2004 01 12
[Evil]
This is a long, interesting, and sensible guest-post on the topic of evil over at Normblog.
I was thinking about this subject the other day as I read over an old Hitchens article in Slate criticizing people for sneering at Bush’s use of the term “evil”. Whether deliberately or not, Hitchens seems to miss the point. When people like myself sneer at Bush for using the term “evil”, we’re not sneering at the term “evil”, we’re sneering at Bush-using-the-term-”evil”. I agree with Garrard that the term “evil” is an indispensible part of our moral vocabulary and that objections to it are usually misguided. The problem with Bush’s use of the term include, but are not limited to, the following:
a) We feel that it is connected intimately with Bush’s moral arrogance, his refusal to examine his own behaviour. And we see that as dangerous.

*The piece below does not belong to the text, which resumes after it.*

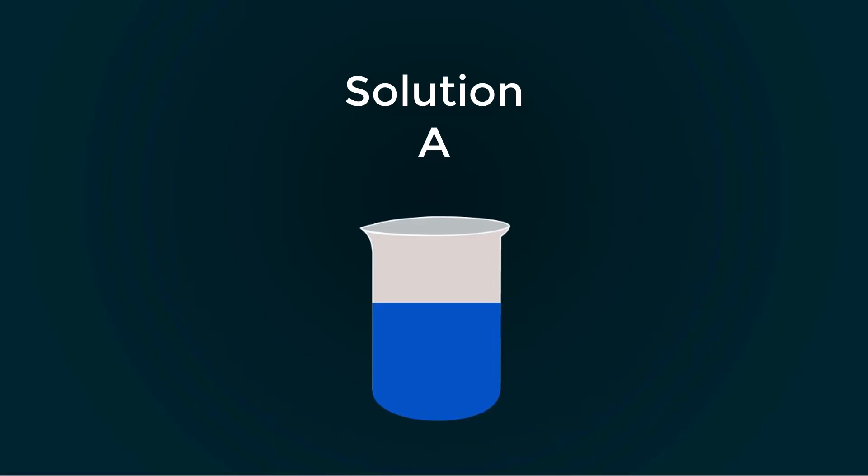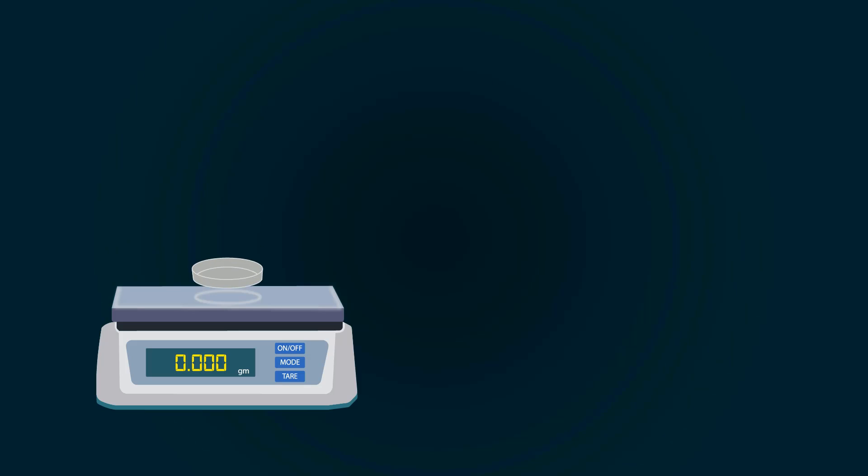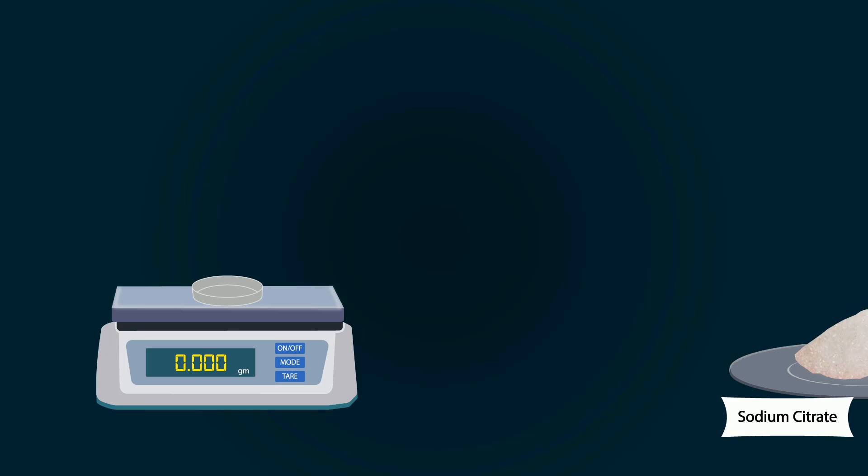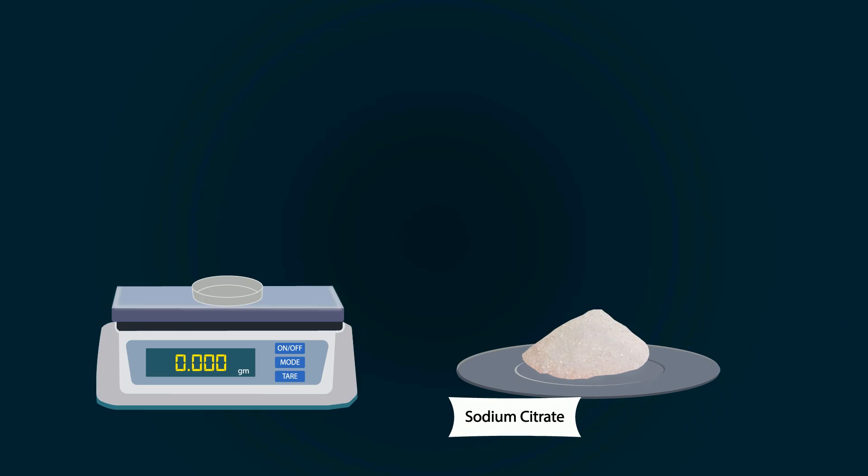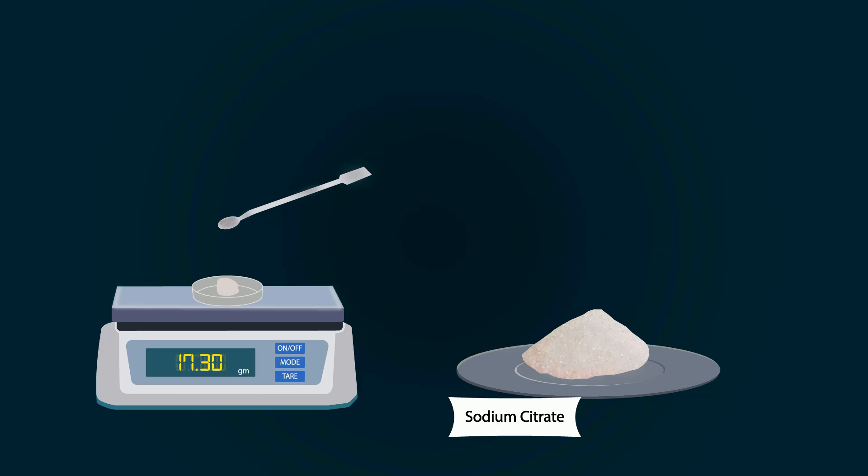You can call it Solution A. Take another petri dish and put it on the weight balance. Tare the weight balance. Take sodium citrate chemical from stock bottle. Put sodium citrate into the petri dish with a spatula. Weigh precisely 17.3 grams.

b) We feel that, however justified the use is in a particular case, Bush comes by the application of the term dishonestly. For Bush, it is a symptom of lazy thinking (which we righly see as dangerous), even if many uses of the term aren’t a symptom of lazy thinking.
c) We feel that in the wrong hands the term functions (and is intended to function) as a debate-stopper rather than part of an attempt to inform or articulate a principled position. We can’t help noticing that many people who use it in the current political climate regard themselves as exempt from the need to defend their position in any detail, when in fact their own favoured position is not the only response to the evil we both recognize. The objection, then, is not to the use of the term “evil” – it is to the mere use of the term evil in contexts where more desperately needs to be said.